» **Task directions**
Give again, word for word, every line below from the one that has "Mouse SHBG Protein (Recombinant His-T7)" through the one that has "Side om side", both included, and no others.

━━ Supplied data

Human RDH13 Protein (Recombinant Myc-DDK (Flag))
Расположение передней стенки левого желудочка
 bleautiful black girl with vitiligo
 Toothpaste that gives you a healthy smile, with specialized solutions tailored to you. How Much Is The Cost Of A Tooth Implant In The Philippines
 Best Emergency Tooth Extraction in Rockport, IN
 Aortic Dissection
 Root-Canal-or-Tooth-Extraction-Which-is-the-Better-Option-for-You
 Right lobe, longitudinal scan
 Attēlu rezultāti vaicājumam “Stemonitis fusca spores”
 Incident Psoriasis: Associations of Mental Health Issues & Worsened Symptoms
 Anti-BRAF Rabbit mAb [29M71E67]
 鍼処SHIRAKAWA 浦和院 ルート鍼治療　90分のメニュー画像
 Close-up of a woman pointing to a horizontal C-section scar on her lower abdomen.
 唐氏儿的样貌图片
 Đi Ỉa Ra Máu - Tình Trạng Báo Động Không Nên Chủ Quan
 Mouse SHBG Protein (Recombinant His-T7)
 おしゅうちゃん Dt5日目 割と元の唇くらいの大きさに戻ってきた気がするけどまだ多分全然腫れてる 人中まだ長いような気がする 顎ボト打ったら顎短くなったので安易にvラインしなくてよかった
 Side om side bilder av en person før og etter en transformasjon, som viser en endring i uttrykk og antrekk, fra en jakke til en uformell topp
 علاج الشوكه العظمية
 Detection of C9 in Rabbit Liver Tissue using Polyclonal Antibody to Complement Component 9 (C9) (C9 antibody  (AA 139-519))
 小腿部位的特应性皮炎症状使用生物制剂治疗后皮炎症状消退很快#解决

━━━━

» **Answer area**
 Mouse SHBG Protein (Recombinant His-T7)
 おしゅうちゃん Dt5日目 割と元の唇くらいの大きさに戻ってきた気がするけどまだ多分全然腫れてる 人中まだ長いような気がする 顎ボト打ったら顎短くなったので安易にvラインしなくてよかった
 Side om side bilder av en person før og etter en transformasjon, som viser en endring i uttrykk og antrekk, fra en jakke til en uformell topp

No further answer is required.